Conforme decisão do Superior Tribunal de Justiça – STJ, prolatada no âmbito do Recurso Especial 1.285.463 – SP, de relatoria do Ministro Humberto Martins, a ausência de certeza científica, longe de justificar uma ação possivelmente degradante do meio ambiente, deve incitar o julgador a mais prudência.
Aliás, conforme determinação expressa contida no art. 2, §2º, da Lei da Política Nacional de Proteção e Defesa Civil – PNPDEC (Lei Federal 12.608/12):
Art. 2, § 2º. A incerteza quanto ao risco de desastre não constituirá óbice para a adoção das medidas preventivas e mitigadoras da situação de risco.
Prevenção e Reparação do dano
No Direito Ambiental, em razão dos princípios da prevalência do meio ambiente, da prevenção e da precaução, ganham relevo as tutelas específicas de urgência, sobretudo aquelas que permitem o afastamento do próprio ilícito (ditas inibitórias), impedindo, consequentemente e não raras vezes, a ocorrência do dano ambiental.
Imprescindível se esclarecer que a tutela judicial ambiental não se ocupa apenas da reparação do dano ambiental, mas calca-se, também, na necessidade de se atacar o próprio ilícito ambiental, visto aqui de forma divorciada do dano.
É que o dano, aliado ao ilícito, reflete apenas um pressuposto da reparação, nada impedindo (aliás, impondo-se) que o ilícito seja combatido independentemente da ocorrência do dano.
A sistemática da tutela judicial ambiental obedece ao entendimento de que, antes da ocorrência do dano ambiental, deve-se optar pelo provimento capaz de inibir ou de remover o ilícito.
Diferentemente, após a ocorrência do dano ambiental, busca-se a reparação específica pelo prejuízo causado, reparação essa denominada específica porque deverá recompor o estado anterior (in natura).
Conclusão
Há casos, portanto, em que se verifica um ato antijurídico que deve ser combatido mesmo que ainda não tenha ocorrido dano ou mesmo que nem venha a ocorrer. A constatação desse ato, pelo simples fato de ser ilícito, pode ensejar provimento jurisdicional apto à sua inibição/remoção.
MARCELO ABELHA[4] ensina que:
Por outro lado, se ainda não houve o dano mas existe um estado potencial de sua ocorrência, é possível dividir essa fase em dois momentos: a) sem o dano, mas já ocorrido o ilícito; b) sem o dano, mas não ocorrido o ilícito.

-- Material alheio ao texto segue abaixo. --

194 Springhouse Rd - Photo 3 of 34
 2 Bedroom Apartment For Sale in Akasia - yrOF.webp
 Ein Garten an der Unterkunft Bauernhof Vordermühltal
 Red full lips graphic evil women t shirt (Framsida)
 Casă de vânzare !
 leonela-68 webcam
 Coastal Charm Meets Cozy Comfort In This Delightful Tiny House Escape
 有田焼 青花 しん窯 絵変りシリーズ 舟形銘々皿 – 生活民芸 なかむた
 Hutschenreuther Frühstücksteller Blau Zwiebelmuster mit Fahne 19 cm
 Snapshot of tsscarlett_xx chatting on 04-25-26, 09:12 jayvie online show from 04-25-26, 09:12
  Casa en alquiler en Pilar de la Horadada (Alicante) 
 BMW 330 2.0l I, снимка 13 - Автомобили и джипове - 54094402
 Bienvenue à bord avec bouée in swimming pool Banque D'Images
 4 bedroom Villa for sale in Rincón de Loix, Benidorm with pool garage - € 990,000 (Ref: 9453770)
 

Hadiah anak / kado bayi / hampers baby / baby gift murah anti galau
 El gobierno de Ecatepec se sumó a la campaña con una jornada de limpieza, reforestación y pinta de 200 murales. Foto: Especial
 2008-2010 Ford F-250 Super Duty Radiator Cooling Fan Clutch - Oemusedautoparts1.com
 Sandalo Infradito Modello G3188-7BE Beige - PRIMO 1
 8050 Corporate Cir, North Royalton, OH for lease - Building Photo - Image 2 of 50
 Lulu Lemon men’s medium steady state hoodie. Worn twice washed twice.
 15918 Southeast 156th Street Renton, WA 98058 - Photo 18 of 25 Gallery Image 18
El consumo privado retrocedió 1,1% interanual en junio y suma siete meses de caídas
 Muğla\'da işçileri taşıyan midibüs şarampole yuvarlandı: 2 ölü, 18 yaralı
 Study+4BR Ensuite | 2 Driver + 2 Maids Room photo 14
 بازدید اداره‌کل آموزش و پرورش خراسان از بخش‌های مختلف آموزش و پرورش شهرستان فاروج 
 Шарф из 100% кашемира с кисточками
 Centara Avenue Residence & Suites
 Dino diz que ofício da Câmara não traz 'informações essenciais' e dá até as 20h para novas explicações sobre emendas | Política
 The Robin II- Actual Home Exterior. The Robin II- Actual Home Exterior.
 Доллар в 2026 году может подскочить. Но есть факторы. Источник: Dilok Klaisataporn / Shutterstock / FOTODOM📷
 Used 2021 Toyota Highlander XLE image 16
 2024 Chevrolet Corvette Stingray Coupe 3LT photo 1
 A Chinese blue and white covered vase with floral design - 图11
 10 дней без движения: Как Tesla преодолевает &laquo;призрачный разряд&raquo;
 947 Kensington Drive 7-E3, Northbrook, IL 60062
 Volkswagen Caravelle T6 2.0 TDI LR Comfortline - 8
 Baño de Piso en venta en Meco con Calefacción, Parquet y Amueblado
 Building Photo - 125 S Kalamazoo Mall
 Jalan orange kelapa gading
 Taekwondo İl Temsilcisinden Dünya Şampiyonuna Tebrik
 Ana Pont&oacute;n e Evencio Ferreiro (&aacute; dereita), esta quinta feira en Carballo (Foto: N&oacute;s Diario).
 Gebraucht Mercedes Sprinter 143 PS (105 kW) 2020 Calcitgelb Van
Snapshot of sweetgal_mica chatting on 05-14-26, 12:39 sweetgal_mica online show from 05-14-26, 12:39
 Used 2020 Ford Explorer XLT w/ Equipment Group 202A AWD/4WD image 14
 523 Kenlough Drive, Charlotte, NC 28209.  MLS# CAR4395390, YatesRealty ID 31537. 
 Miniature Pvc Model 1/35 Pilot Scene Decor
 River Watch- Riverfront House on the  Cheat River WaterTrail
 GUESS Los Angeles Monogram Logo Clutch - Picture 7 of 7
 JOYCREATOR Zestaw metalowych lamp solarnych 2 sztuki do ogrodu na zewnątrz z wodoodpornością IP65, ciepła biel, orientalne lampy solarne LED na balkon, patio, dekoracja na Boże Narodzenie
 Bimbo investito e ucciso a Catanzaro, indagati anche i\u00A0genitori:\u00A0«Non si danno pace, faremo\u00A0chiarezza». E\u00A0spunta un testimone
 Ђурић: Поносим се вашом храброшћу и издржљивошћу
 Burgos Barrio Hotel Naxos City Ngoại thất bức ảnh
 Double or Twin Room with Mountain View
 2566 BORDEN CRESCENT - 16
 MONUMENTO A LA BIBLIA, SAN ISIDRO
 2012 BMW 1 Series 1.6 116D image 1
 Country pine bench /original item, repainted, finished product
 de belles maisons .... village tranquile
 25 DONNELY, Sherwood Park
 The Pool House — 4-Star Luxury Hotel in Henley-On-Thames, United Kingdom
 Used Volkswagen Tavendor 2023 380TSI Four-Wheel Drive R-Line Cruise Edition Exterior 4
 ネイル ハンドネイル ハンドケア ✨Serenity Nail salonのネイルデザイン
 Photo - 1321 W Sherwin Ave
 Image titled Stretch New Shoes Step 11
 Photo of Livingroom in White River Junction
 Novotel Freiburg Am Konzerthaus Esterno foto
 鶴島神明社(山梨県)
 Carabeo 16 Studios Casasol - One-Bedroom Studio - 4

No caso a tem-se uma conduta antijurídica de ferimento do direito, mas que ainda não causou dano (e pode nem vir a causar) e que deve ser debelada mediante uma tutela específica que reverta o ilícito e permita seja alcançado o mesmo resultado que se teria caso o dever positivo ou negativo fosse espontaneamente cumprido.
No caso b nem o dano e nem o ilícito ocorreram, mas existe um estado potencial de ocorrência de um e/ou outro. Nessa situação, é possível a utilização da tutela específica que permita o alcance do cumprimento da conduta que se espera seja cumprida.
Não é outra a interpretação extraída do art. 497, parágrafo único, do Código de Processo Civil:
Art. 497. Na ação que tenha por objeto a prestação de fazer ou de não fazer, o juiz, se procedente o pedido, concederá a tutela específica ou determinará providências que assegurem a obtenção de tutela pelo resultado prático equivalente.
Parágrafo único. Para a concessão da tutela específica destinada a inibir a prática, a reiteração ou a continuação de um ilícito, ou a sua remoção, é irrelevante a demonstração da ocorrência de dano ou da existência de culpa ou dolo.
Por tudo isso, diante de uma situação de emergência, é possível a efetiva intervenção judicial, mormente em observância ao direito à vida, ao princípio da dignidade da pessoa humana e ao da prevenção, segundo o qual, a Administração Pública, ou quem faça as suas vezes, na certeza de evento danoso, tem a obrigação de evitá-lo”, descabendo “invocar meros juízos de conveniência ou oportunidade em sentido contrário[5].